** Exercise requirements **
Look for the line containing "Passenger compartment fuse" and the line containing "The data appear" in the entries below. Copy those two and all lines between them exactly, leaving out pictures.

** Task inputs **
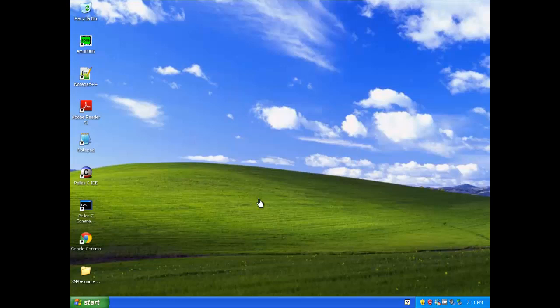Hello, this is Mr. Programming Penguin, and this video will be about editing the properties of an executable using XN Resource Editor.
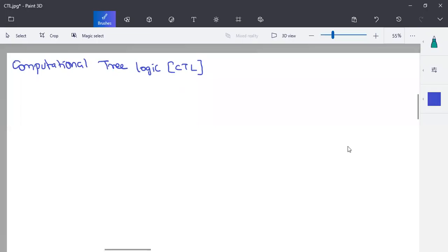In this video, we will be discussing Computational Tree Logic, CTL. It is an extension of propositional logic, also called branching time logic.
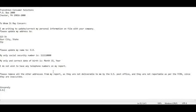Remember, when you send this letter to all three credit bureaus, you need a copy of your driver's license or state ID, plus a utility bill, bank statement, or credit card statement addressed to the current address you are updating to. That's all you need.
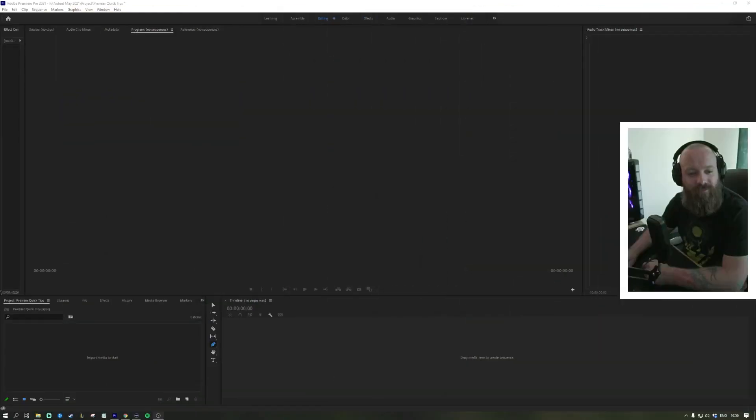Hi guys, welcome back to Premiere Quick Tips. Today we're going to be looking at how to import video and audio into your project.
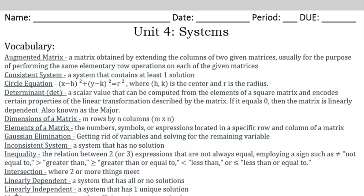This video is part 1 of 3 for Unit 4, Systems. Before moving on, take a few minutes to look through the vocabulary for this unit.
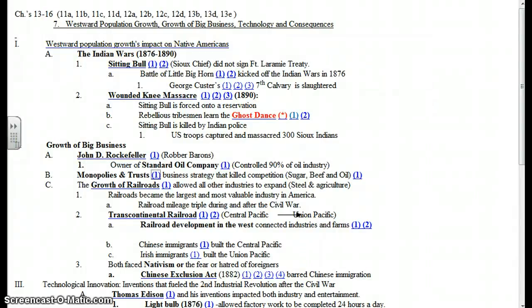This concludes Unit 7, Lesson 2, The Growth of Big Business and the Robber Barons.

...

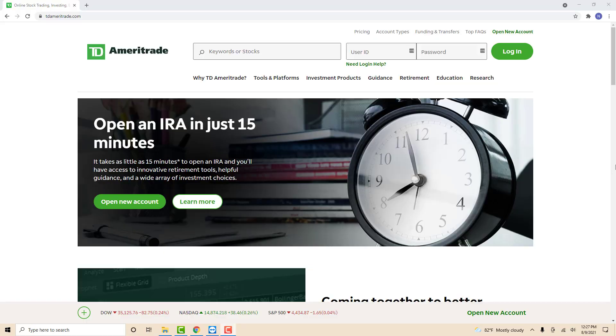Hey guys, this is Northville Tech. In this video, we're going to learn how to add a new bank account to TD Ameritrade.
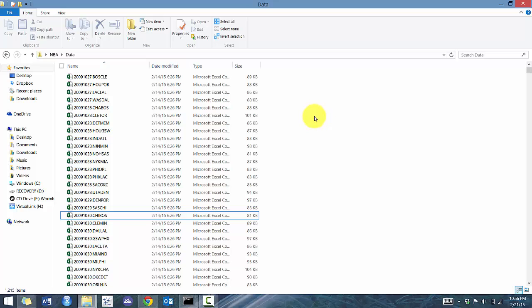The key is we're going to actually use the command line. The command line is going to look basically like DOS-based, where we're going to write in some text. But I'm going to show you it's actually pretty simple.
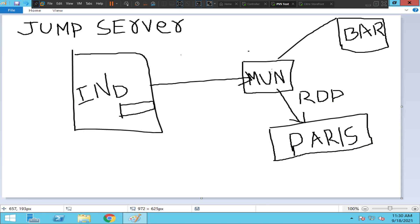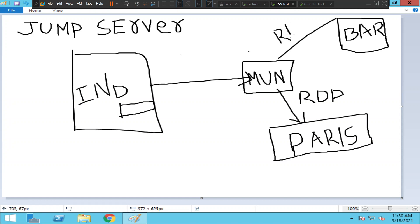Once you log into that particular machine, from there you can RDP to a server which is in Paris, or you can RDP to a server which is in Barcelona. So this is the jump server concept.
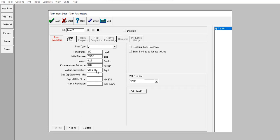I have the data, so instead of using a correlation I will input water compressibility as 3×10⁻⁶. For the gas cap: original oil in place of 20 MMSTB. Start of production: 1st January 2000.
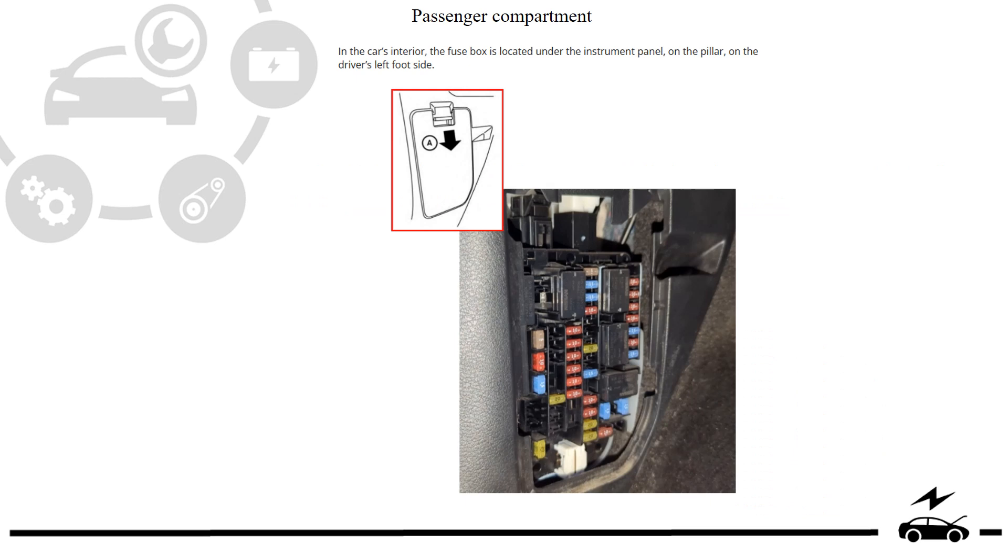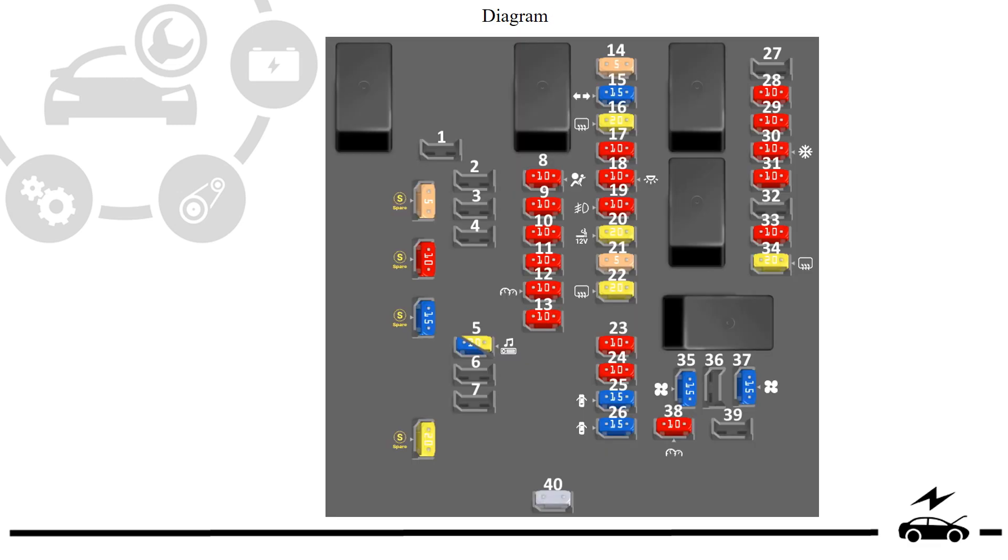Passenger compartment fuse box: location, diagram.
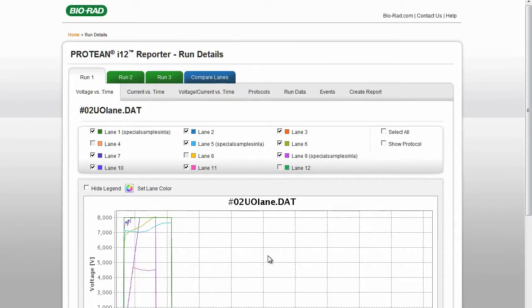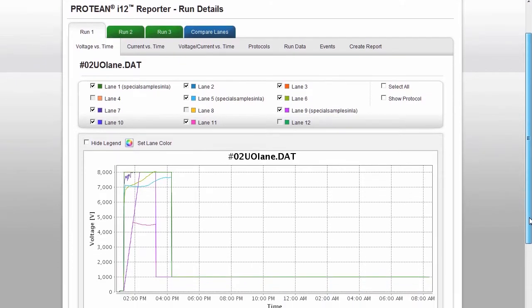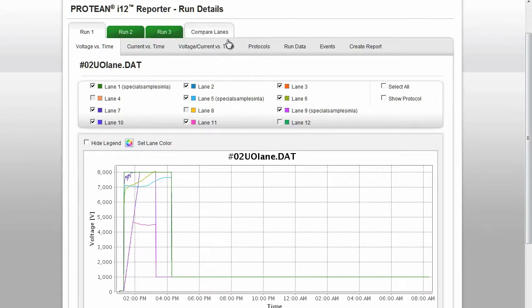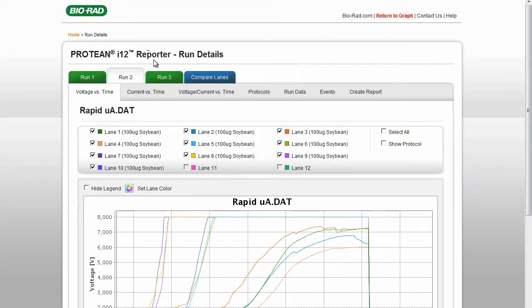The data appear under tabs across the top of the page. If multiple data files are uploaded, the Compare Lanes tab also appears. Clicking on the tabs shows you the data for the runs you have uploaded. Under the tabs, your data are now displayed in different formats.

** Answer **
Passenger compartment fuse box: location, diagram.
The data appear under tabs across the top of the page. If multiple data files are uploaded, the Compare Lanes tab also appears. Clicking on the tabs shows you the data for the runs you have uploaded. Under the tabs, your data are now displayed in different formats.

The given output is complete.